For private and social landlords, this achieves full traceability, audit and compliance management, as a complete overview of fire risk can be achieved across an entire property portfolio to help pinpoint increasing risk levels, whilst simultaneously simplifying the monitoring of alarm networks across every property. For tenants and property owners, this instant access to key information enables them to understand the status of the devices installed throughout the property and the level of protection they are receiving, removing previous barriers of understanding by creating a Golden Thread of information.

Interlinked systems also enable electrical contractors to document and evidence the completion of all necessary phases, as they can instantly log all information via the wireless network to validate the install. For example, by taking a photograph of each completed installation, the images can be wirelessly uploaded to a centralised platform to generate immediate sign off, which subsequently produces a certification of fire legislative compliance, in accordance with BS 5839-6.

This intelligent process of confirmation eradicates any requirement for paper-based data capture, ensuring each installation has been adequately assessed for competence and validated to ensure the maximum levels of detection have been achieved, completely revolutionising approaches to documentation and verification.

Looking to the future

The standard of protection that interlinked systems provides homeowners, renters and social and private landlords proves its case for installation across the entire United Kingdom, as it provides a preventative, rather than reactive, approach to fire and CO safety that can be cost effectively achieved throughout all types of residential properties.

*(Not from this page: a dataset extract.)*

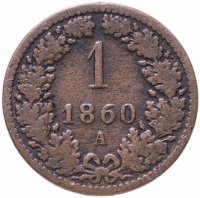 купить Австрия 1 крейцер (kreuzer) 1860 A, знак монетного двора "A" - Вена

By installing interlinked systems that adhere to an LD1 Category throughout residential properties across the UK, electrical engineers can achieve compliance with latest BS 5839-6 Standards, whilst also supporting the latest recommendations outlined within the Building Safety Bill 2021 and the Fire Safety Act 2021. This enables professionals to successfully futureproof residential installations to meet legislative updates before they come into force, by ensuring every type of residential property is protected to the highest possible standards.